I do like the idea of MIRI staff regularly or semi-regularly sharing our thoughts about things without running them by a bunch of people -- e.g., to encourage more of the conversation, pushback, etc. to happen in public, so information doesn't end up all bottled up in a few brains on a private email thread.
I think there are many cases where it's actively better for EAs to screw up in public and be corrected in the comments, rather than working out all disagreements and info-asymmetries in private channels and then putting out an immaculate, smoothed-over final product. (Especially if the post is transparent about this, so we have more-polished and less-polished stuff and it's pretty clear which is which.)
Screwing up in public has real costs (relative to the original essay Just Being Correct about everything), but hiding all the cognitive work that goes into consensus-building and airing of disagreements has real costs too.
This is not me coming out against running drafts by people in general; it's great tech, and we should use it. I just think there are subtle advantages to "just say what's on your mind and have a back-and-forth with people who disagree" that are worth keeping in view too.

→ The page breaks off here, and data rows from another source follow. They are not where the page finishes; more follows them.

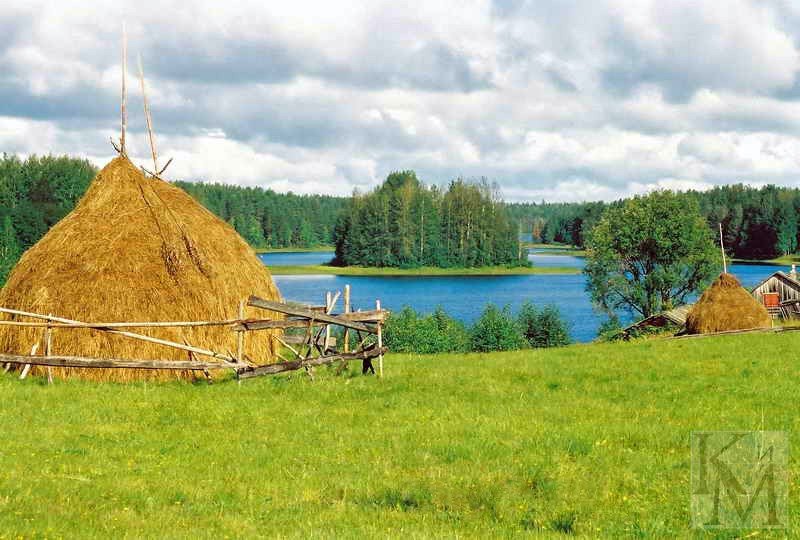 стог сена в деревне фото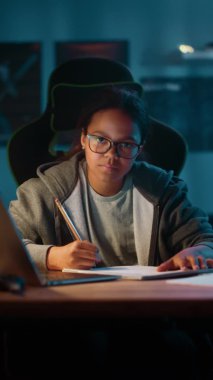 Ev Defterinde Ödev Yapan Dikey Portre Genç Kız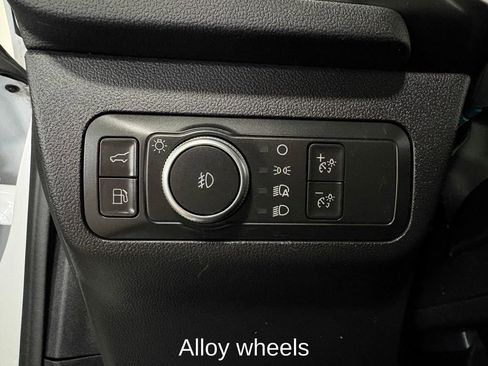 Used 2022 Ford Escape SEL image 28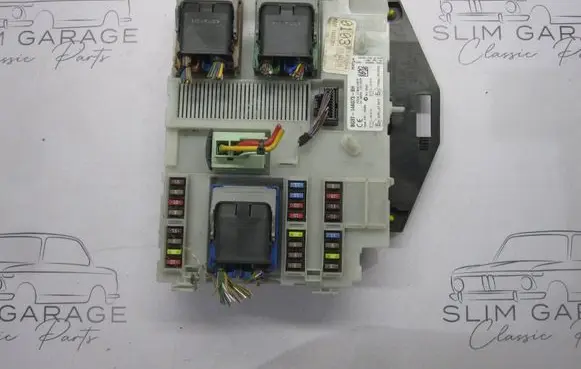 Ford Mondeo MK IV Fuse module BG9T-14A073-BH BG9T14A073BH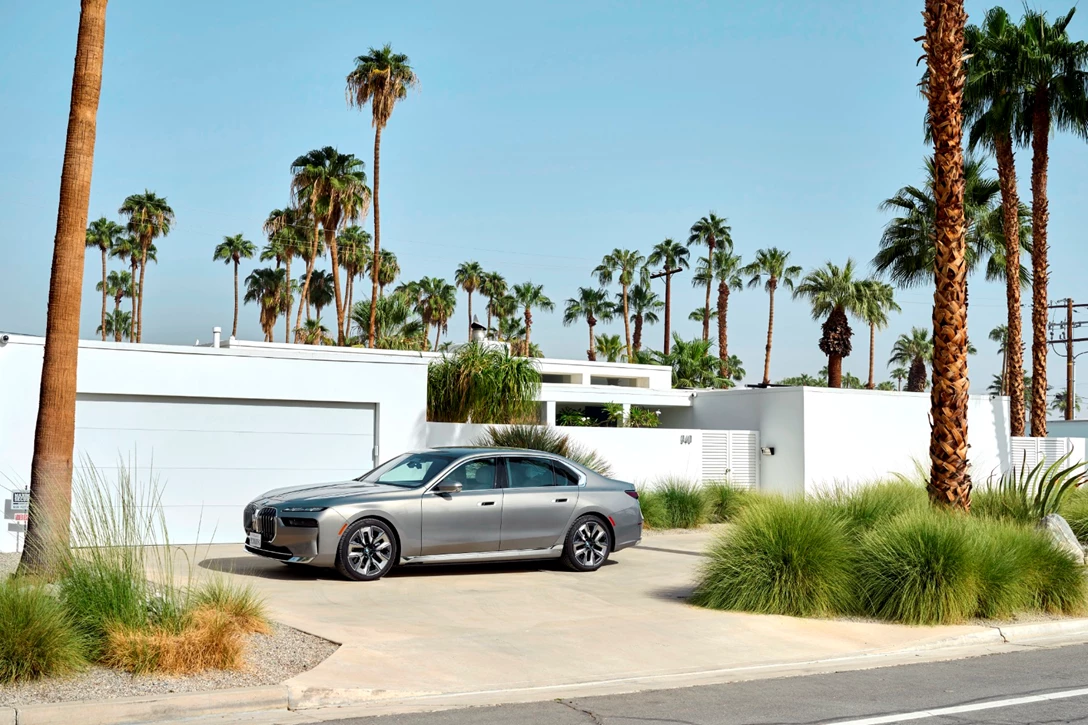 1670747-BMW i7 xDrive Oxid Grey_028.JPG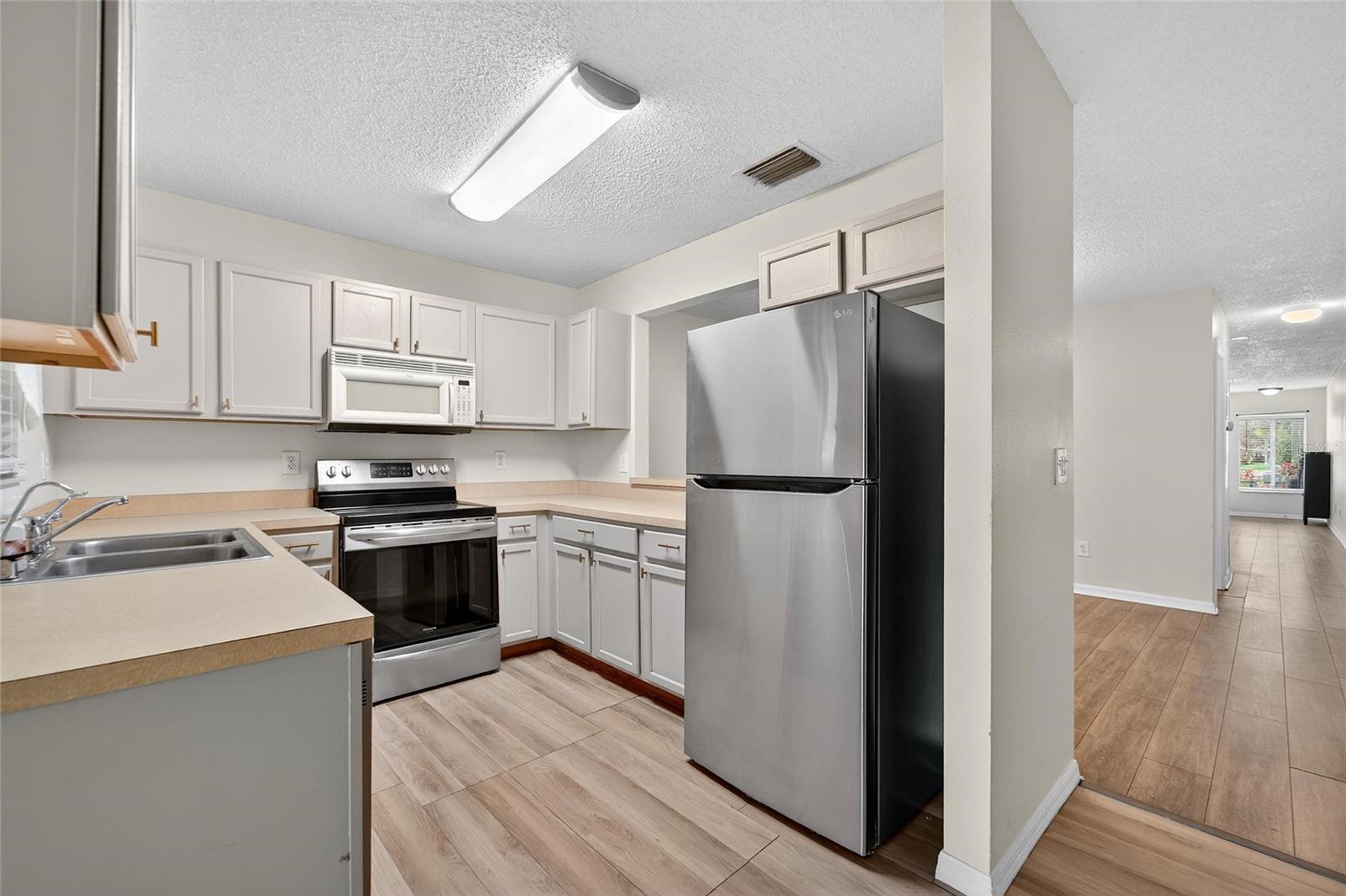 SUMMERFIELD VILLAGE 1 TR 2 - Residential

Part of it is a certain attitude that I want to encourage more in EA, that I'm not sure how to put into words, but is something like: tip-toeing less; blurting more; being bolder, and proactively doing things-that-seem-good-to-you-personally rather than waiting for elite permission/encouragement/management; trying less to look perfect, and more to do the epistemically cooperative thing "wear your exact strengths and weaknesses on your sleeve so others can model you well"; etc.
All of that is compatible with running drafts by folks, but I think it can be valuable for more EAs to visibly be more relaxed (on the current margin) about stuff like draft-sharing, to contribute to a social environment where people feel chiller about making public mistakes, stating their current impressions and updating them in real time, etc. I don't think we want maximum chillness, but I think we want EA's best and brightest to be more chill on the current margin.